▶ _BRIEF_: What you return must be every line from the beginning of the data through the line holding "PUMA 24 7994601", unchanged.

------ MATERIAL FOR THIS EXERCISE

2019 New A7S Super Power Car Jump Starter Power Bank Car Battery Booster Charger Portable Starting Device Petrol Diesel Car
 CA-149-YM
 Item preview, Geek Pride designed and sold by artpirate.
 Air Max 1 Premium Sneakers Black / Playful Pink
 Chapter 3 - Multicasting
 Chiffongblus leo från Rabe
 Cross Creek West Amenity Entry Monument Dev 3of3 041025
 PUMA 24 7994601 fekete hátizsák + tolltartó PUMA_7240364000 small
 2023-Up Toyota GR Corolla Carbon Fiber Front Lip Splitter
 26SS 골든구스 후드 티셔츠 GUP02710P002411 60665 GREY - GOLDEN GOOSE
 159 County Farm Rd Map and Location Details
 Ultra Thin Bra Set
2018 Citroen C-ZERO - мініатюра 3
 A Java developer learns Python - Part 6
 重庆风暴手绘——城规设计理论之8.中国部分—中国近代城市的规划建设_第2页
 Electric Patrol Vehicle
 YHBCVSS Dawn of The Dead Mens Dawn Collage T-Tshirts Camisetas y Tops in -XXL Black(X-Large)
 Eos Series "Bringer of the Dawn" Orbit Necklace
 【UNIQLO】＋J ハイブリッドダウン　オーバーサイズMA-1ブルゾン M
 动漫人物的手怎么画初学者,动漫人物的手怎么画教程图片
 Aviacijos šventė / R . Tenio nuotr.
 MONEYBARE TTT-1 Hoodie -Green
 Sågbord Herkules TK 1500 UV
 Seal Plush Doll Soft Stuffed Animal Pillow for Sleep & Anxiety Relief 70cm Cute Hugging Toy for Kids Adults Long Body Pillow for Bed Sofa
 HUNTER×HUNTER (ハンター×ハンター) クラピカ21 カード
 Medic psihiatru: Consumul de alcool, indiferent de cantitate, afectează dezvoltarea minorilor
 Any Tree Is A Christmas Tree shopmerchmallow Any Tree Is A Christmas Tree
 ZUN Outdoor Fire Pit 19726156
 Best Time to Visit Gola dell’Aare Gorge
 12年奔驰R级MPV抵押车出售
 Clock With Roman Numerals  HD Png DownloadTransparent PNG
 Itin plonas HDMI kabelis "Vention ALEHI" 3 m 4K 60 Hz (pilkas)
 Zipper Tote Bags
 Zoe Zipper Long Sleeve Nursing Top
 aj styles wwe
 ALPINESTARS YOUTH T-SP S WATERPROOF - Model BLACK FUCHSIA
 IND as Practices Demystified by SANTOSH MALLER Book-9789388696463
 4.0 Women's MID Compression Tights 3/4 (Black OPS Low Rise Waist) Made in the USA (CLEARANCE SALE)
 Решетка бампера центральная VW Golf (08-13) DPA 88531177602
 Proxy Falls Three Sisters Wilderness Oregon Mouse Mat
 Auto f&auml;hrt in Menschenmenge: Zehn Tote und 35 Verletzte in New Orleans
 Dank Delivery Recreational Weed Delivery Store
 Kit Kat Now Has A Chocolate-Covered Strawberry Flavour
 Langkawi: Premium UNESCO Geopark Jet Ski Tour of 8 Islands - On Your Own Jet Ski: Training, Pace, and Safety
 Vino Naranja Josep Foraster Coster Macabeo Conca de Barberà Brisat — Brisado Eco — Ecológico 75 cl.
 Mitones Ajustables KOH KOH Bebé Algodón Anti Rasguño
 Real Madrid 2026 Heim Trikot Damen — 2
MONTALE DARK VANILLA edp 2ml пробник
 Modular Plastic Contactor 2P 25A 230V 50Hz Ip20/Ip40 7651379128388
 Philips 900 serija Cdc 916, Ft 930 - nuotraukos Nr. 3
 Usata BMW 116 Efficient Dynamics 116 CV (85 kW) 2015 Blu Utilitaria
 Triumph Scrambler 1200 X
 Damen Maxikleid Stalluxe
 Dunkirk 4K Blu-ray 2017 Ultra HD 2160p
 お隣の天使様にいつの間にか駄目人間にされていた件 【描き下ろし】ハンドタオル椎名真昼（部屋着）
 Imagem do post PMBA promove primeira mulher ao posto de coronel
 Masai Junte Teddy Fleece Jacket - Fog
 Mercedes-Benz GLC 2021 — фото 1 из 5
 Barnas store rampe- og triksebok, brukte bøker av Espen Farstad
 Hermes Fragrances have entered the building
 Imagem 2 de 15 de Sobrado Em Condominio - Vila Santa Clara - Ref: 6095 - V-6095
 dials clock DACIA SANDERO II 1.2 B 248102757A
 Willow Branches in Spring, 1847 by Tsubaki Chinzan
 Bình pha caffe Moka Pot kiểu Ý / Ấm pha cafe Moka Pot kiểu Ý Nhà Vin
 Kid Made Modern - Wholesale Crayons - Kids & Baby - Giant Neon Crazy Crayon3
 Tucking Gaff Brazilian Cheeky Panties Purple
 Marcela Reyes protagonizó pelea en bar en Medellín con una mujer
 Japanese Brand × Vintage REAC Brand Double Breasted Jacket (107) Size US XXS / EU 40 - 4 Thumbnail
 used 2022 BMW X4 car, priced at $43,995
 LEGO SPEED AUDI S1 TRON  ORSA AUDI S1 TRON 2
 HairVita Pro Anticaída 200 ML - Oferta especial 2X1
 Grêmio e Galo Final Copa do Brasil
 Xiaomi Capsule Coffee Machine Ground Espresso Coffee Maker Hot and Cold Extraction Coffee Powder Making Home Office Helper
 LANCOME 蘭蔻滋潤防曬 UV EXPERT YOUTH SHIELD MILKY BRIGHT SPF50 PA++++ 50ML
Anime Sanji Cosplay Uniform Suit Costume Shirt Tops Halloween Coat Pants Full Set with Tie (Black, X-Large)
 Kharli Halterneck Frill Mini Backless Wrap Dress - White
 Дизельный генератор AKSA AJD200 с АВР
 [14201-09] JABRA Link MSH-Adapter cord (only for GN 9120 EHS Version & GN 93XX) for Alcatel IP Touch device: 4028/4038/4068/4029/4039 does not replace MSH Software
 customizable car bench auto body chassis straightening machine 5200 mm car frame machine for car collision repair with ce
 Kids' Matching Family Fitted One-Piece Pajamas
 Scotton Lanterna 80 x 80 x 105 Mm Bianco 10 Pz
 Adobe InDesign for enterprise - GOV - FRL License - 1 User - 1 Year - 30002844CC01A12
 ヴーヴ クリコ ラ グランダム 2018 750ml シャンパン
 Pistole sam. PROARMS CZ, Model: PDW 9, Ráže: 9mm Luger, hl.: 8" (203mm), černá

------------

▶ _REPLY_:
2019 New A7S Super Power Car Jump Starter Power Bank Car Battery Booster Charger Portable Starting Device Petrol Diesel Car
 CA-149-YM
 Item preview, Geek Pride designed and sold by artpirate.
 Air Max 1 Premium Sneakers Black / Playful Pink
 Chapter 3 - Multicasting
 Chiffongblus leo från Rabe
 Cross Creek West Amenity Entry Monument Dev 3of3 041025
 PUMA 24 7994601 fekete hátizsák + tolltartó PUMA_7240364000 small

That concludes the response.